How to Organise Your Data

How to backup and archive your files? There are almost as many answers as there are people managing their data. In this post I attempt to document the methods I use to deal with the increasingly growing heaps of bits in my life. I hope it to give you ideas how to manage yours!

General approach in short:

Dropbox 2 TB for private projects and archival
Google Drive 100 GB for work and collaborative projects
Desktop computer with 1 TB SSD that automatically mirrors all the data in Dropbox and Google Drive
Laptop computer that automatically mirrors only the most recent data in Dropbox and Google Drive
Mobile external 2 TB HDD to which I manually backup all the data from Dropbox and Google Drive once in a while
Mobile external 500 GB HDD for downloaded files and other non-essential data
Prefix archived folders by their creation date in format YYYY-MM-DD
Name folders with searchable tag-like words
Use rsync command for the manual backups

Each of the listed storage devices has its purpose. Next I will explain the motivation behind these. Then I will go into details how I organise the data so that it remains useful for years to come. Finally I discuss how I would like to improve the procedures for greater benefit.

Storage Devices

Desktop computer. When I was a child I had all my data stored on a single computer. Soon, I became aware of the risks of data loss due to a hardware failure. At first, I backed up the most important stuff, being some sketchy MS Paint drawings and Duke Nukem 3D maps, on 1.44 MB floppy disks. After my family got a CD writer drive, CDs took place. At some point, part of the burden was delegated to a couple USB sticks and an external 200 GB hard drive. Although pretty scattered, this continued to be my main data storage and backup method for years.

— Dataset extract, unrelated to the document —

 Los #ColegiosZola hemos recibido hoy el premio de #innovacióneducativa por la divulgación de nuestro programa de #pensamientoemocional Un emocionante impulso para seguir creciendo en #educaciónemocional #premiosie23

Dropbox. Around 2010 I came to my senses. Instead of maintaining the scattered and multiple more or less duplicated storage devices, I wanted something simple yet robust. Dropbox was the perfect match. I placed all my files on my desktop computer and they were automatically mirrored to Dropbox cloud. If my machine failed, the data was safe in the cloud. If the cloud failed, the data was still safe on my local machine. As an additional bonus, I now had easy mobile access to all my files. I was free to discard all my old CDs and HDDs.

Google Drive for work. After a brief stardom of Etherpad, Google Docs stole the show and became the de-facto standard how students collaborated at my university. After I started my own business, this way of collaboration expanded to my client projects. As most of these business documents were already in Google Drive, it was only natural to store all my business-related stuff in Google Drive instead of Dropbox. At first it felt a bit unnecessary to have two cloud storages, and it still feels so, but it provided a nice separation between the business data and my private data.

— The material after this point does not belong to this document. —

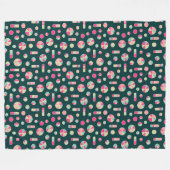 Couverture Polaire Motif Pi Circles and Bars 271019v1 - Vert foncé (Devant (Horizontal))
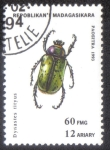 Stamps Madagascar -  Dynastes tityus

Mobile external HDD for non-essential files. There are many types of data and not all are equally unique or important. As the available storage space on Dropbox is limited and costs money, there is no reason for me to store every downloaded image and ripped music album there. Therefore I have set up a habit that my Dropbox will contain almost exclusively the files that I have personally created or to which I or my friends have copyrights. Everything else I keep on an external hard drive. If this hard drive fails, I will lose an easy access to some movies and music albums but that is not the end of the world as I can download them again at any time, at least hopefully so.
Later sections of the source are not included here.